## GIVEN DATA

══════════

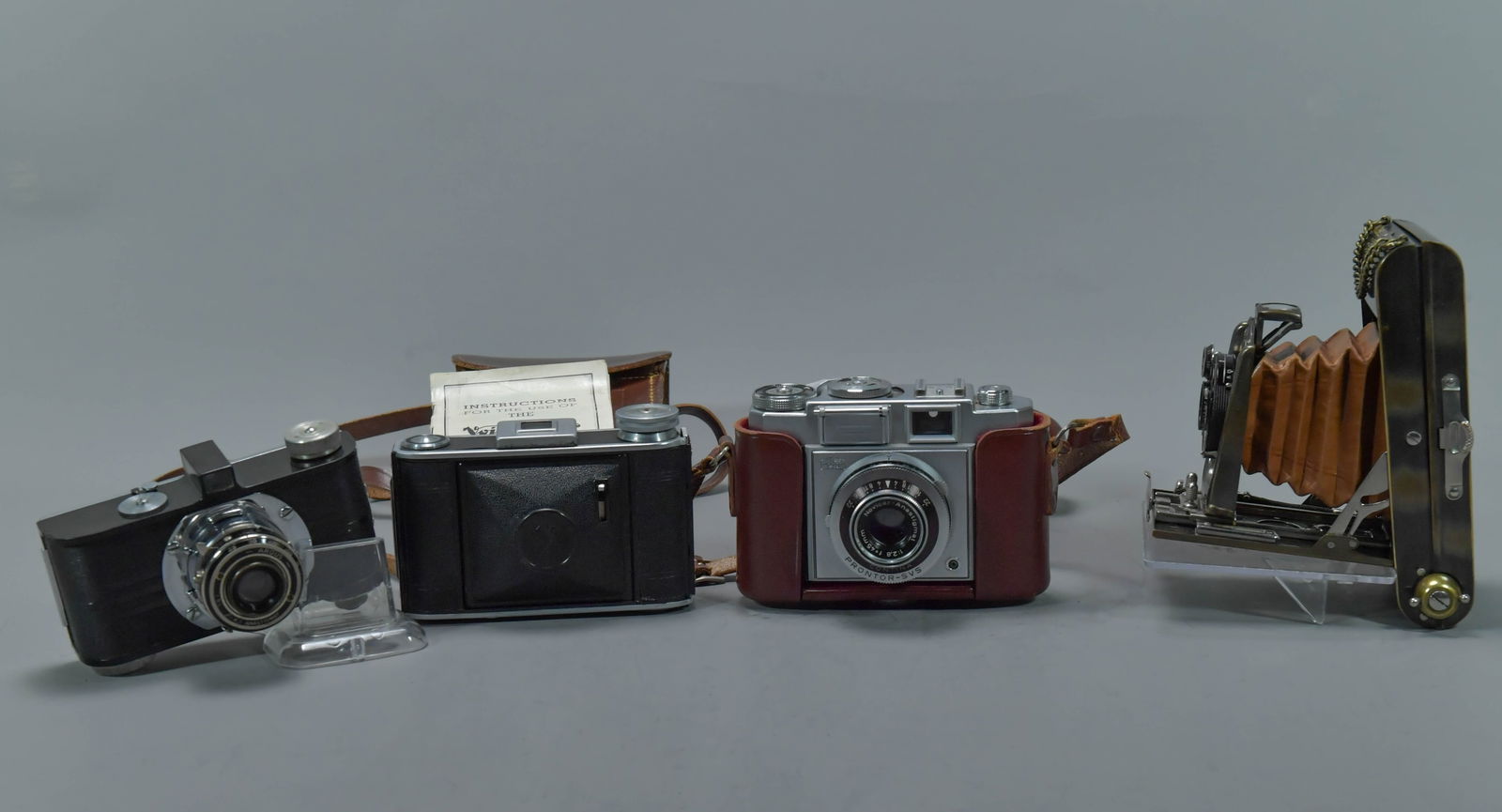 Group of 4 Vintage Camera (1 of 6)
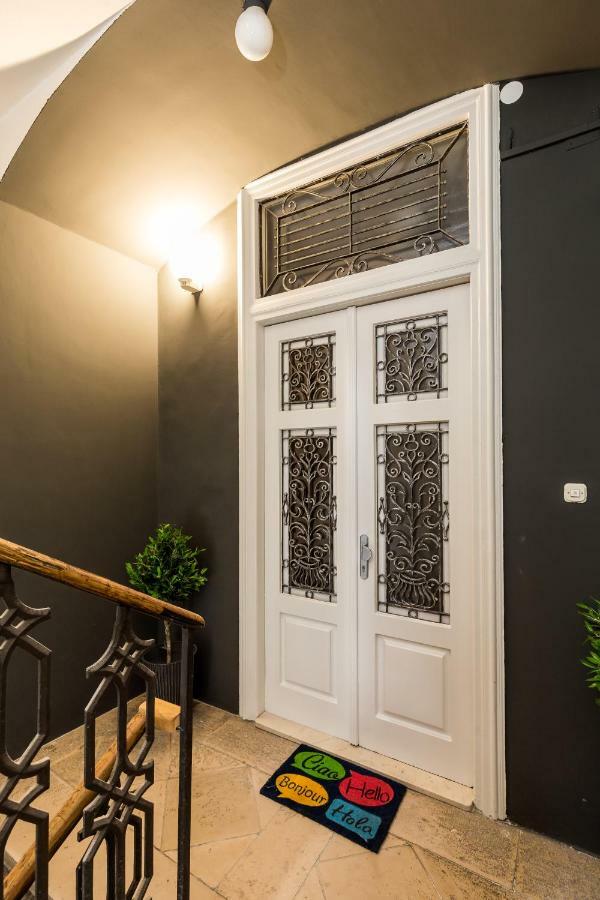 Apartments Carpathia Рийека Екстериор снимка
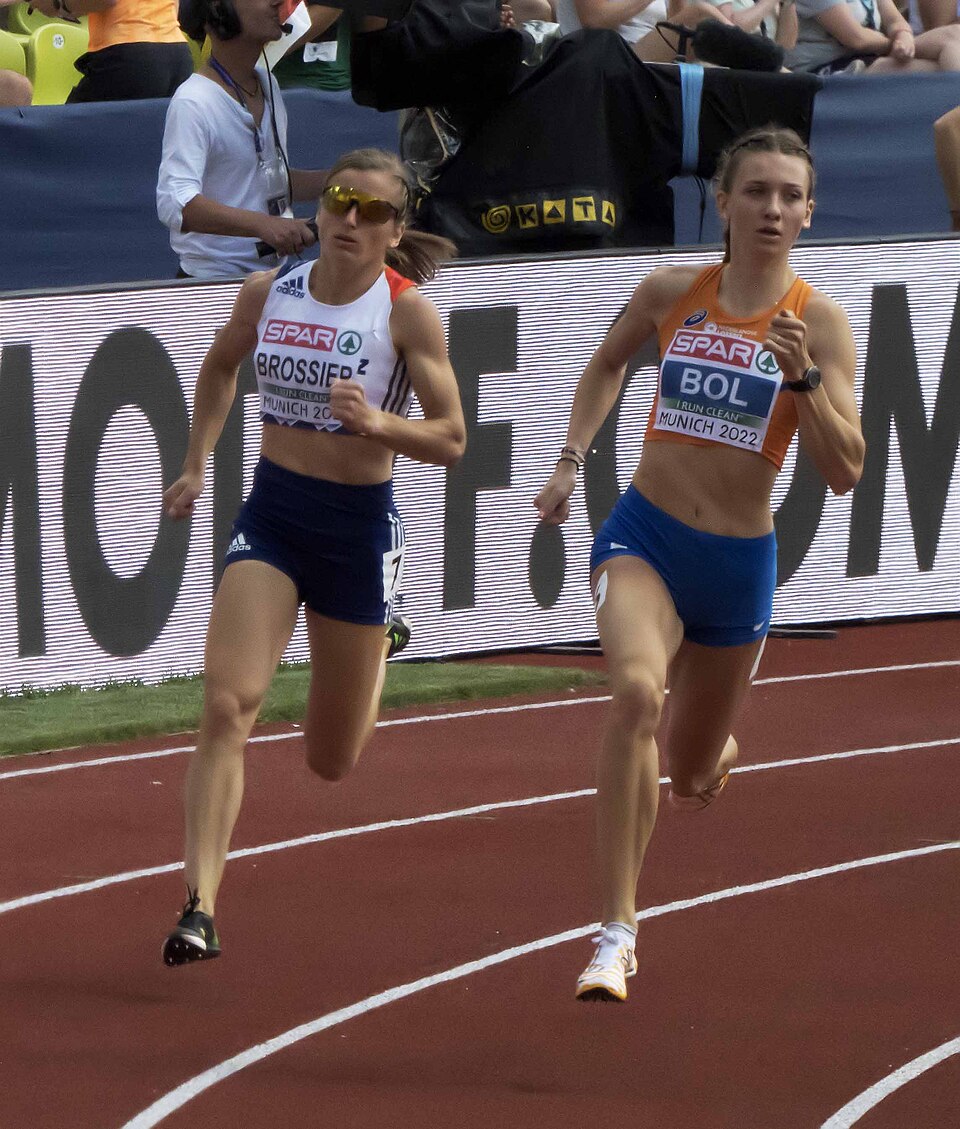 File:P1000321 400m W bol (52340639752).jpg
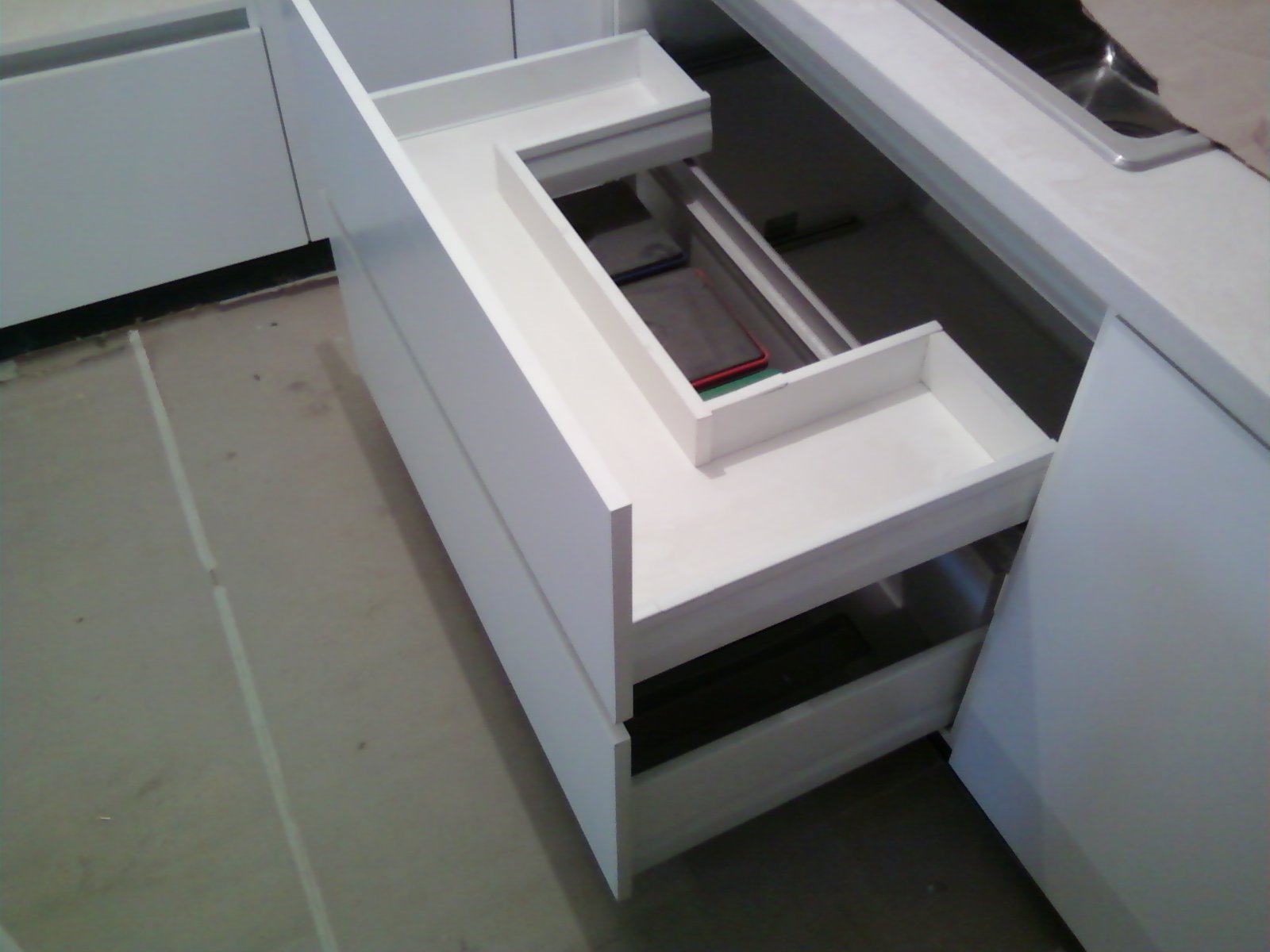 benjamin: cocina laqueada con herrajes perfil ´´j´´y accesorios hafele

══════════

## DESCRIPTION OF THE TASK
Exactly as given, transcribe every line of the data, but not its images.

## YOUR SOLUTION
 Group of 4 Vintage Camera (1 of 6)
 Apartments Carpathia Рийека Екстериор снимка
 File:P1000321 400m W bol (52340639752).jpg
 benjamin: cocina laqueada con herrajes perfil ´´j´´y accesorios hafele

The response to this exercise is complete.